A Python implementation replicating the CodeAgent framework from the paper "CodeAgent: Enhancing Code Generation with Tool-Integrated Agent Systems for Real-World Repo-level Coding Challenges" (Zhang et al., 2024).
This project was developed as part of the course 062786 - Large Language Models: Applications, Opportunities and Risks (A.Y. 2024-2025) at Politecnico di Milano, under the supervision of Prof. Mark James Carman.
- Overview
- Key Features
- Architecture
- Project Structure
- Installation
- Quick Start
- Usage Guide
- Benchmarks
- Replicating Results
- Configuration
- Testing
- Authors
- Acknowledgments
- References
- License
Repository-level code generation is a challenging task that goes beyond simple function completion. It requires understanding the entire software ecosystem, including:
- Documentation and README files
- Code dependencies and import structures
- Runtime environment and testing infrastructure
- Existing code patterns and conventions
Traditional LLMs struggle with this task due to context window limitations and lack of interaction with the codebase.

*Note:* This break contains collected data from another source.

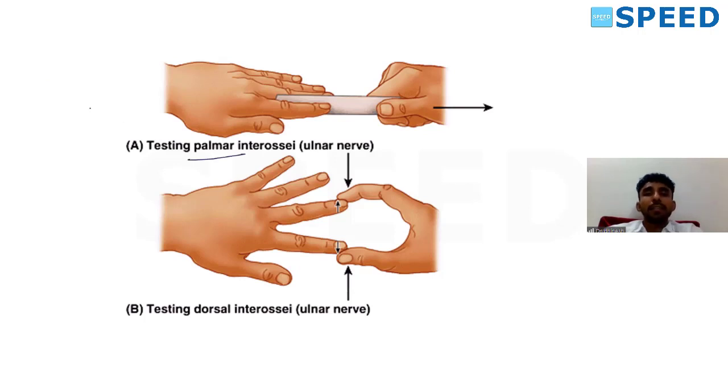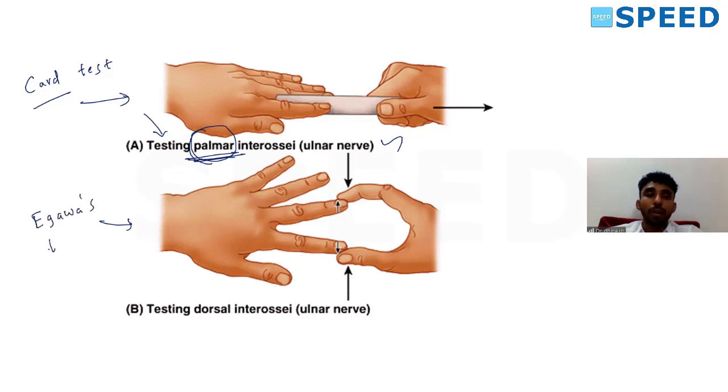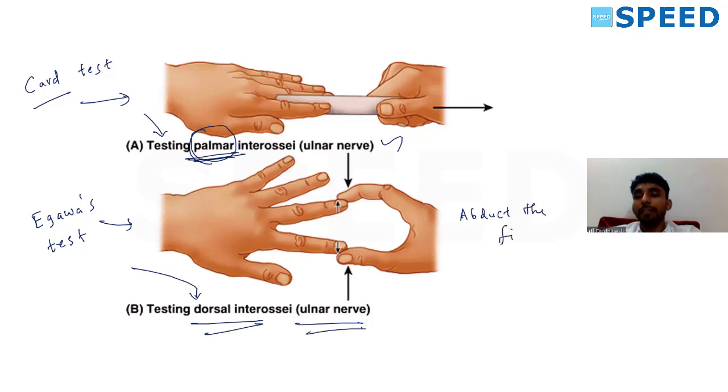The test for palmar interossei is the cord test — if the patient can hold a cord or paper tightly between fingers, adduction is intact and the palmar interossei function is confirmed. The nerve tested is the deep branch of ulnar nerve. The second test shown is Igawa's test, which also tests the ulnar nerve — specifically the dorsal interossei, as the patient is asked to abduct the fingers against resistance.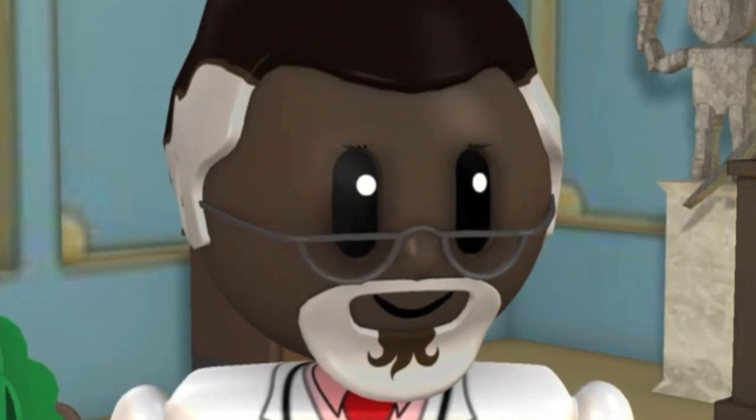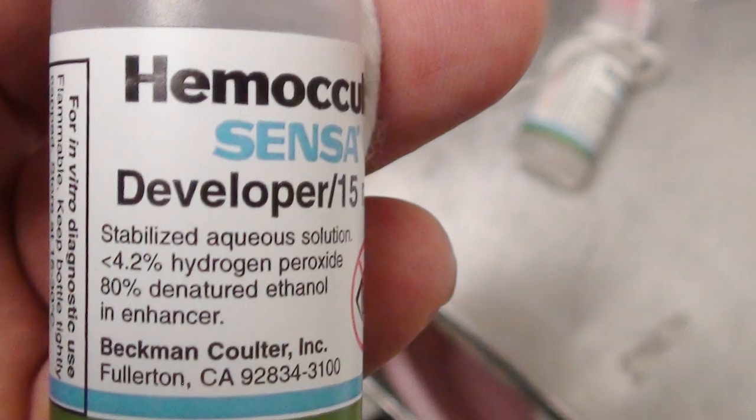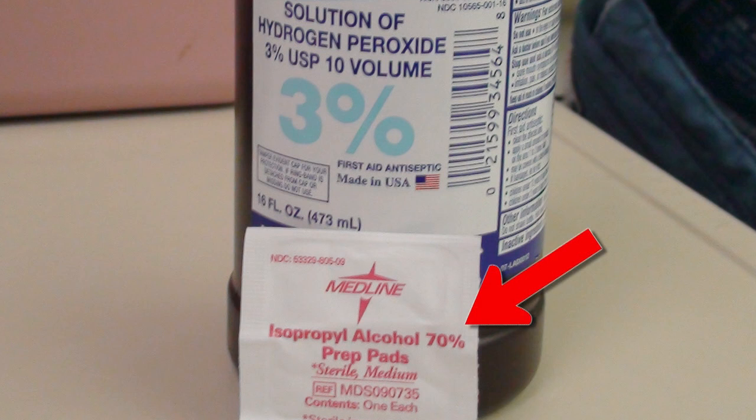I have an idea. People always get frantic when we run out of Hemacult Developer. But did you ever wonder what's actually in this stuff? The two magic ingredients are ethanol and hydrogen peroxide. Now, in the department, we have plenty of isopropyl alcohol and hydrogen peroxide. But can we make our own developer?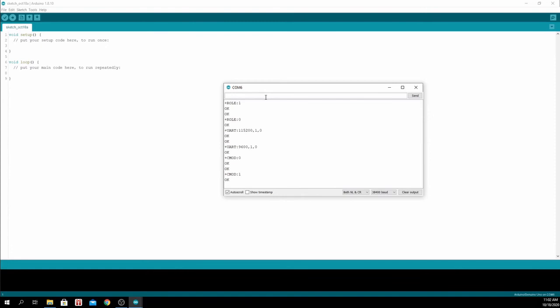If you want to change the name of the Bluetooth device, type AT+NAME=team12 and press enter.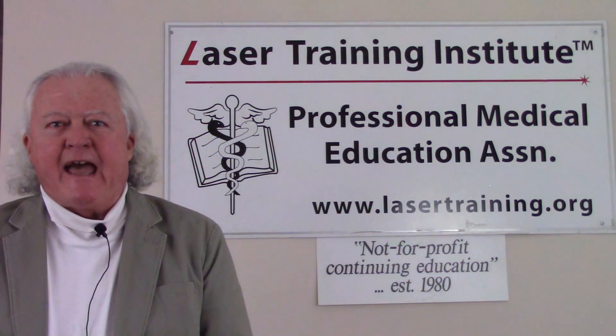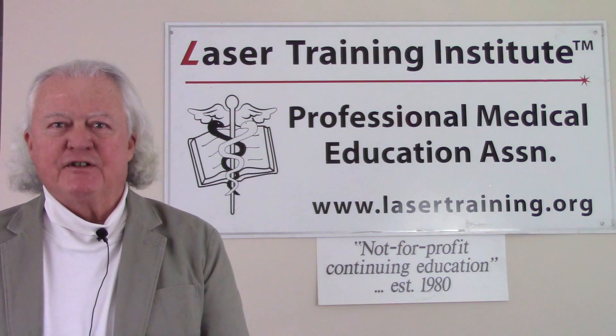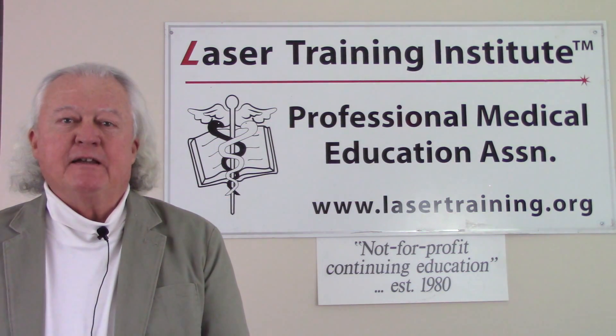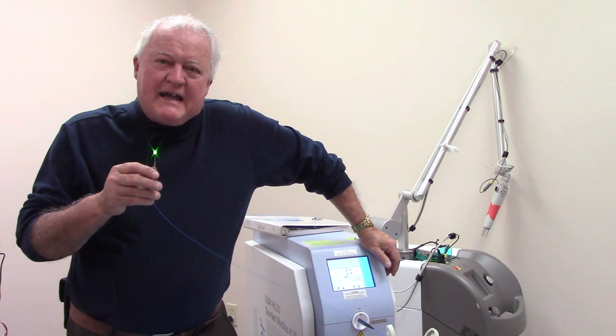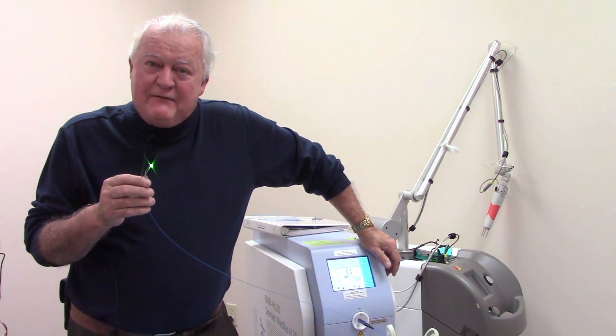Hi, this is Greg Abston from the Laser Training Institute of Professional Medical Education Association. Welcome to our short video series on medical laser training. In today's lab we're going to take a quick look at fiber assessment, cleaving, and stripping.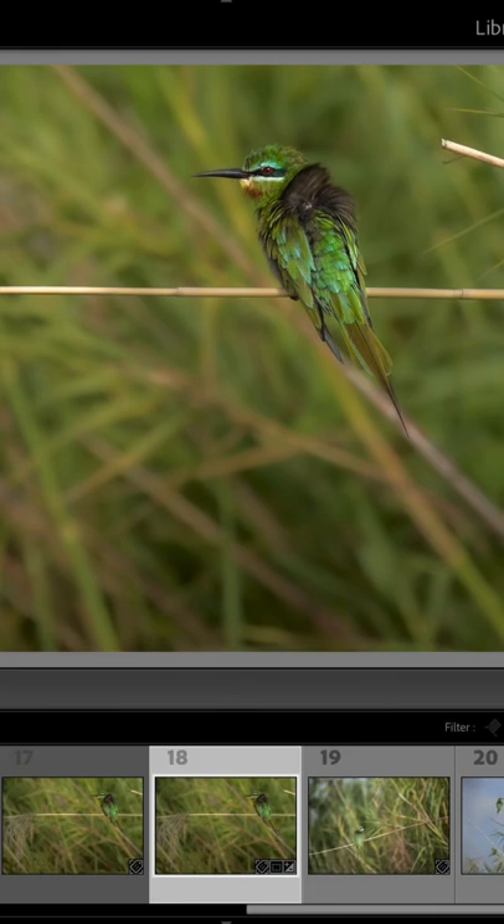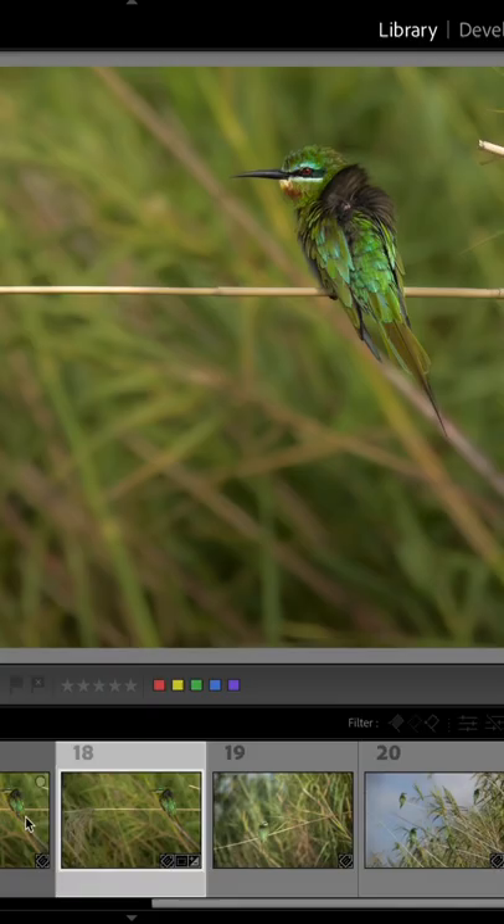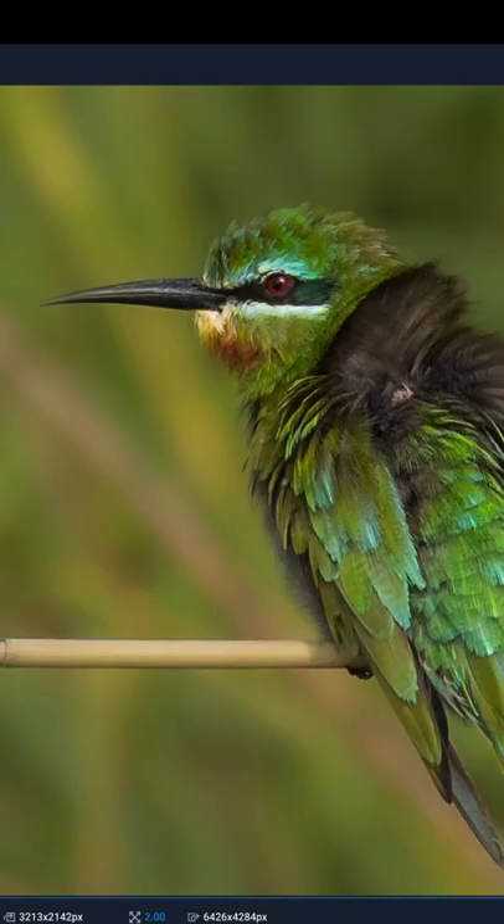Hey guys, let's try this. This is an image I have over-cropped. I don't have enough pixels left to display my image nicely, so I run it through Topaz Gigapixel to see if I can give it some extra pixels.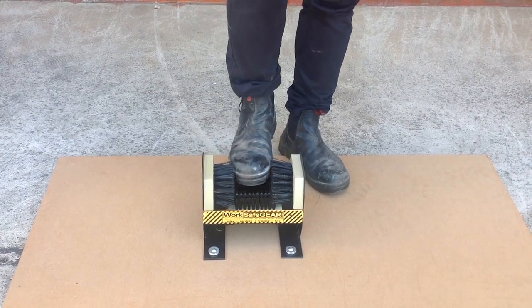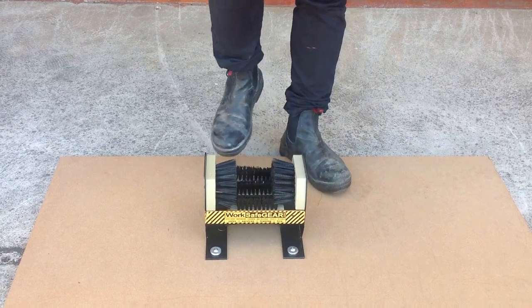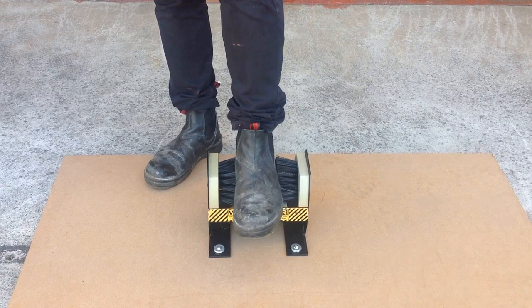Hi guys, we're here to introduce you to the Mudstopper Boot Brush. This boot brush is perfect for keeping unwanted dirt outside your home, car, cabin, business, or even your sporting club hall rooms.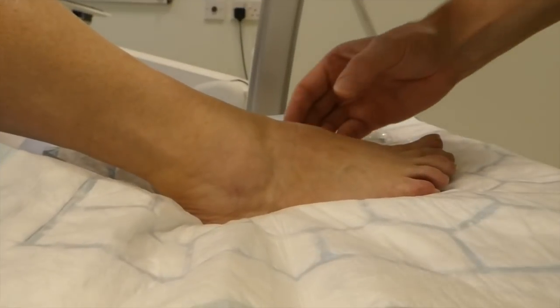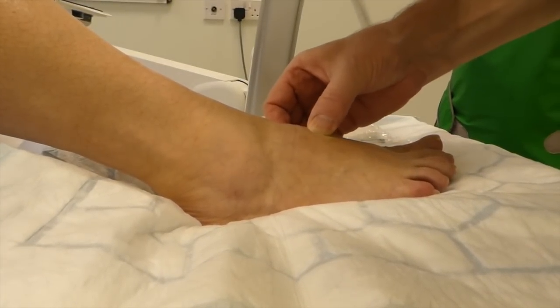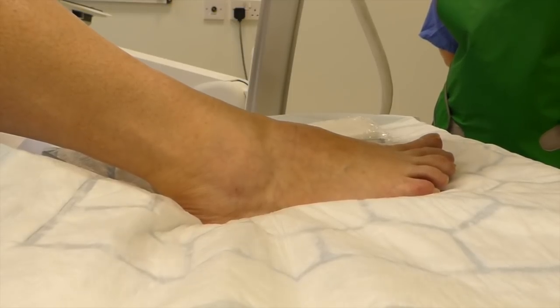This lady has got a painful right second metatarsocuneiform joint. We need to give this patient an anonymous name. We'll call her Jillian.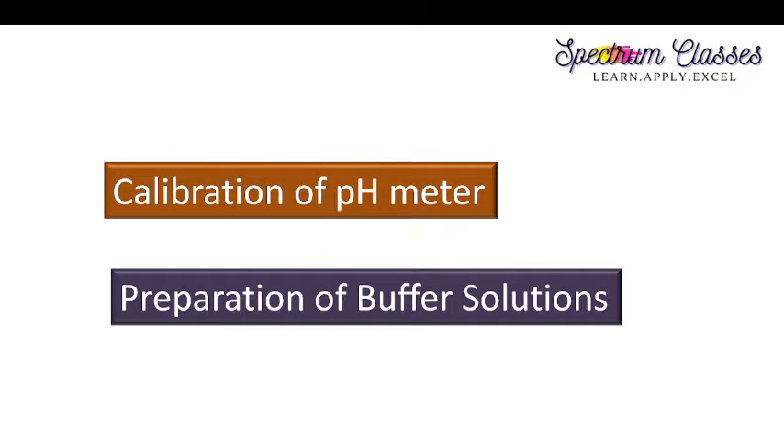Hello everyone, welcome back to Spectrum Glasses. In this video I am going to show you the lab activity related to the calibration of a pH meter — how we are going to do the calibration, why it is important, and how to prepare the buffer solutions from capsules as well as from chemicals in the laboratory.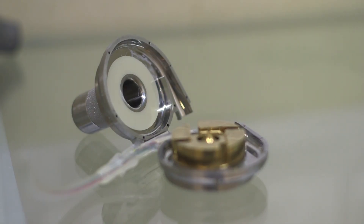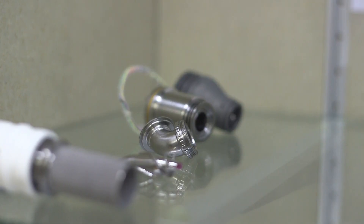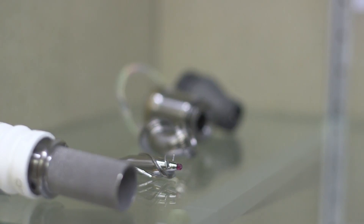Rotary blood pumps consist of many parts: the housing, inlet and outlet, impeller, bearing system, driving magnets, and so on.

CodeAgent addresses these challenges by augmenting LLMs with specialized programming tools, enabling them to:
- Navigate code symbols and understand project structure
- Search documentation and external resources
- Execute code to verify correctness
- Format code according to project standards
This implementation provides a modular, extensible framework for experimenting with tool-augmented code generation agents.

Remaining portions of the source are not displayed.